Estimated Audio–Caption Correspondences Improve Language-Based Audio Retrieval

This repository contains the implementation of [1], which was accepted at the DCASE Workshop 2024.

Our submission [2] to the DCASE Challenge 2024 based on the proposed method, took the first rank in task 8 [3].

Motivation: Missing Audio–Caption Correspondences

Audio retrieval systems are typically trained on audio–caption datasets (e.g., ClothoV2 [4]), which contain pairs of audios and corresponding descriptions $\{ (a_i, c_i)\}_{N=1 \dots N}$. Unfortunately, for these datasets, the pairwise correspondence between audio $i$ and caption $j$ is not known for $i \neq j$; it is, therefore, common practice (e.g., during contrastive training and during evaluation) to assume that pairs with $i \neq j$ do not match.

However, relying on this assumption is not ideal. The following paragraph shows a query and the five best-matching audio recordings in the ClothoV2 test set according to our retrieval model.

Recordings marked with ✅ are associated with the description ($i = j$), whereas
recordings marked with ❔ are associated with another caption ($i \neq j$); we thus do not know if the caption describes the audio.

(Hint: Use CLTR + click to open the recording in a new tab)
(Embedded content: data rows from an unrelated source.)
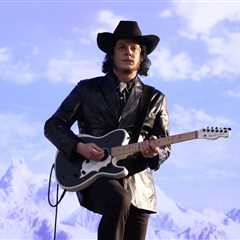 Jack White Hilariously Flubs Guitar Solo in Jack Black’s ‘SNL’ Country Song Sketch: Watch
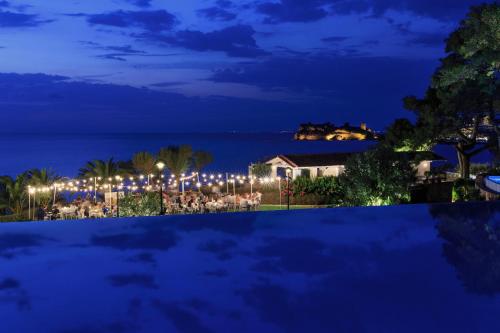 Restaurant, Sani Club in Chalkidiki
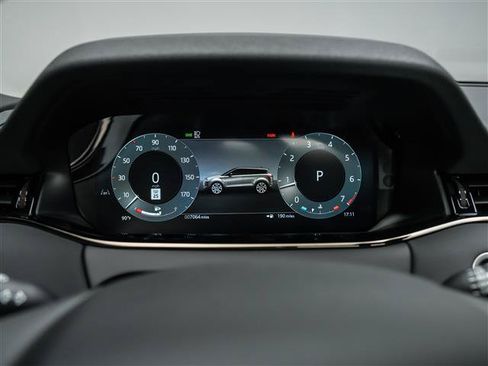 Used 2026 Land Rover Range Rover Evoque S AWD/4WD image 22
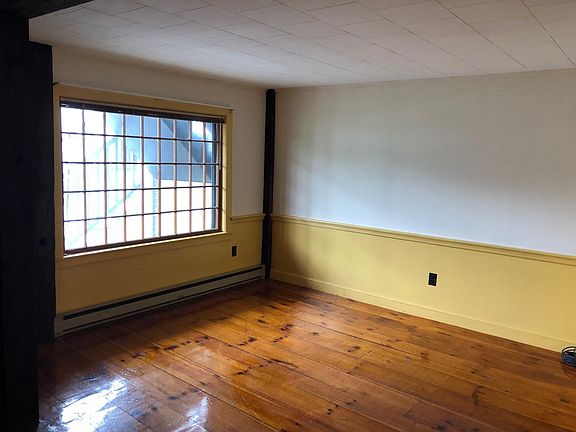 Living Room - has been painted all antique white.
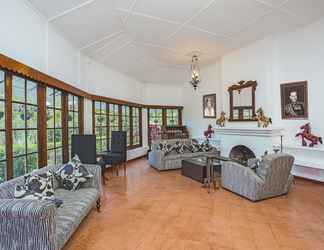 Lobby 2 Mountbatten Bungalow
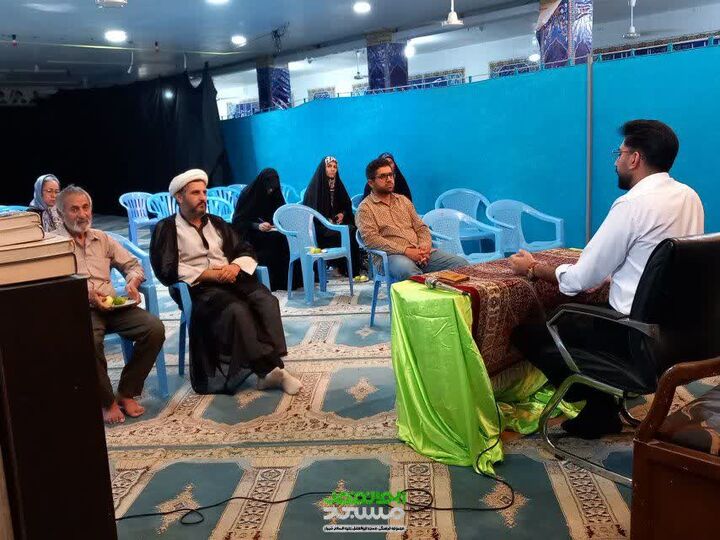برگزاری جلسه مشاوره تحصیلی و خانواده در مسجد حضرت ابوالفضل(ع) شیراز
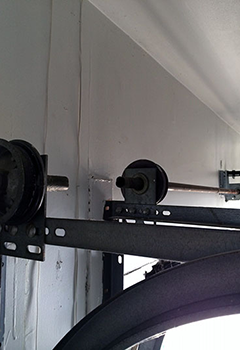 Garage Door Cables and Tracks Installation – Bellevue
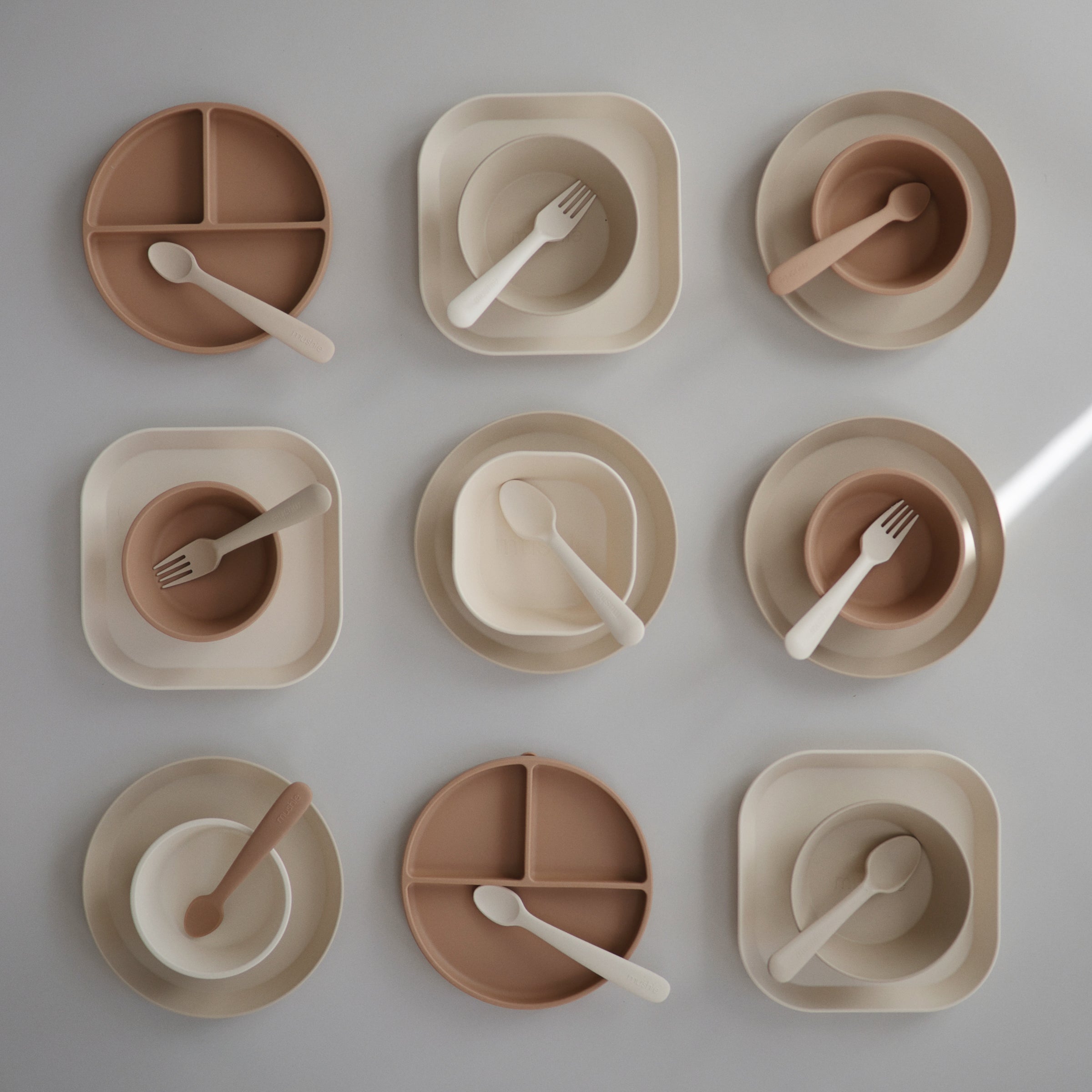 Round Dinnerware Plates, Set Of 2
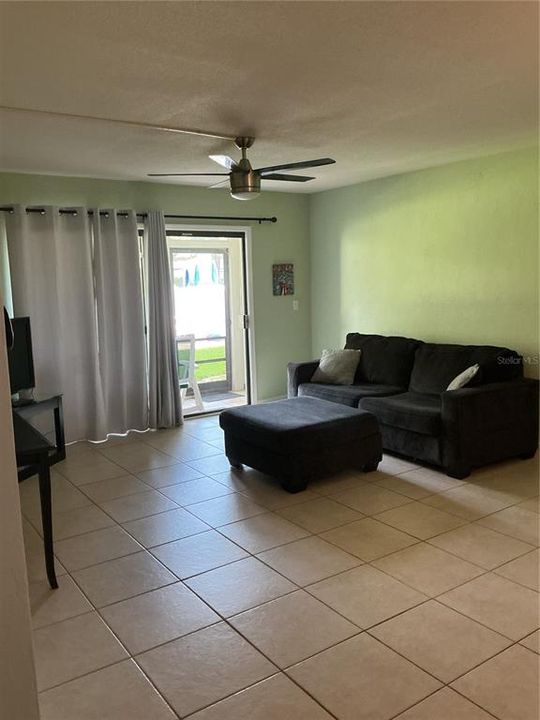 For Sale: $239,000 (1 beds, 1 baths, 623 Square Feet)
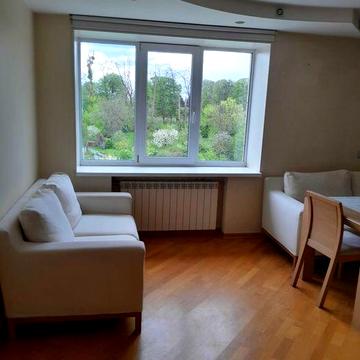 Продаж 1к вул Ломакіївська 4(Мічурина)Печерський  рн,м.Звіринецька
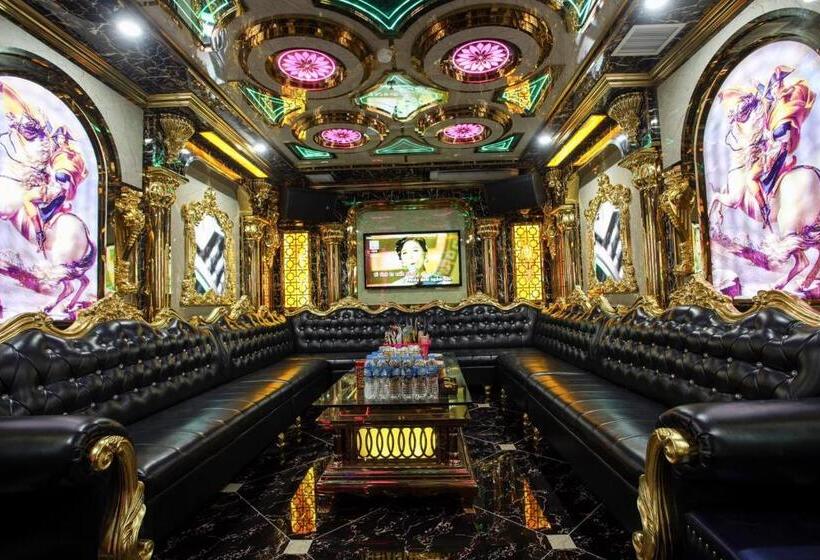 هتل Khách Sạn Minh Phú Diamond Palace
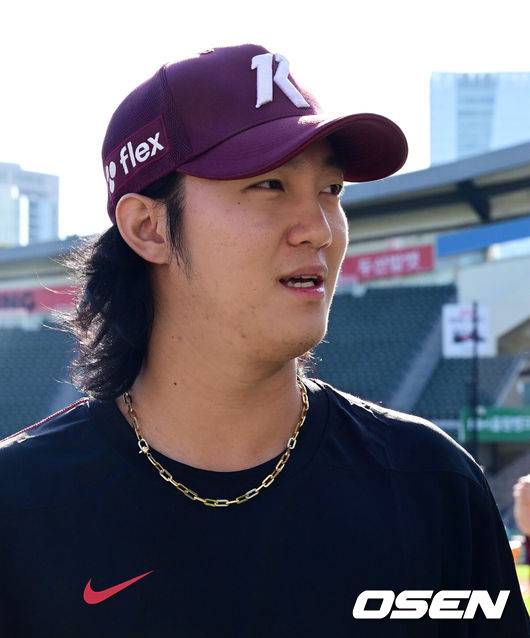 [OSEN=잠실, 지형준 기자] 18일 오후 서울 잠실구장에서 ‘2025 신한 SOL Bank KBO리그’ 두산 베어스와 키움 히어로즈의 경기가 열린다.군 복무를 마친 키움 안우진이 1군 엔트리에 등록, 선수단에 합류했다. 안우진은 당초 17일 사회복무요원 소집 해제 후 팀에 합류할 예정이었으나 지난달 퓨처스팀 자체 청백전에 등판한 후 추가 훈련 과정에서 어깨 부상을 입어 수술을 받았다. 구단은 안우진이 재활에 전념할 수 있도록 의료 지원에만 집중할 계획이었으나, 최근 안우진으로부터 선수단과 함께 시즌을 마무리하고 싶다는 강한 의지와 함께 확대 엔트리 등록 요청을 받았고, 논의 끝에 수용하기로 결정했다.오늘(18일) 잠실 두산전부터 정규시즌 최종전인 30일 고척 SSG전까지 남은 시즌 7경기 동안 덕아웃에서 선수단과 함께할 예정이다. 경기에 앞서 1군 엔트리에 등록한 키움 안우진이 선수단 미팅을 하고 있다. 2025.09.18 /jpnews@osen.co.kr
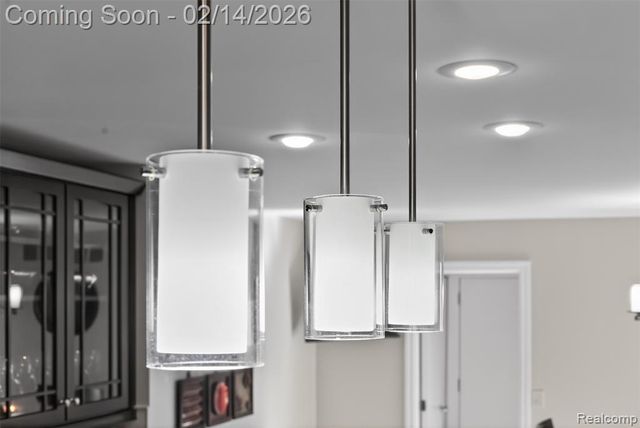 7328 Simsbury Drive, West Bloomfield, MI 48322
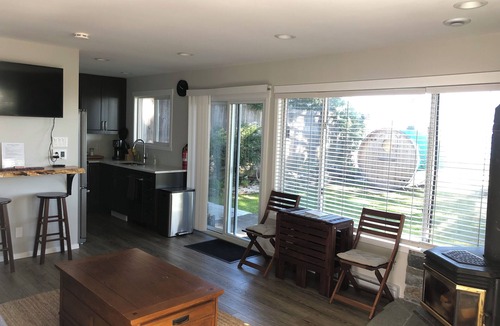 Regional District of Nanaimo Cabin | Ocean front, walk on, bright and private, 2-bedroom cottage with sauna,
Query: A large gathering of people are talking loudly with each other.
Results: rank 1 ❔, rank 2 ❔, rank 3 ❔, rank 4 ❔, rank 5 ✅

All audio recordings marked with ❔ actually match the description, and should not be treated as non-matching audio recordings during training. We thus argue that additional correspondence annotations are required to give better guidance during training.

Estimating Audio–Caption Correspondences

Since there are (currently) no large-scale datasets with partial or complete correspondence annotations, we estimate them with one or multiple other audio-retrieval models.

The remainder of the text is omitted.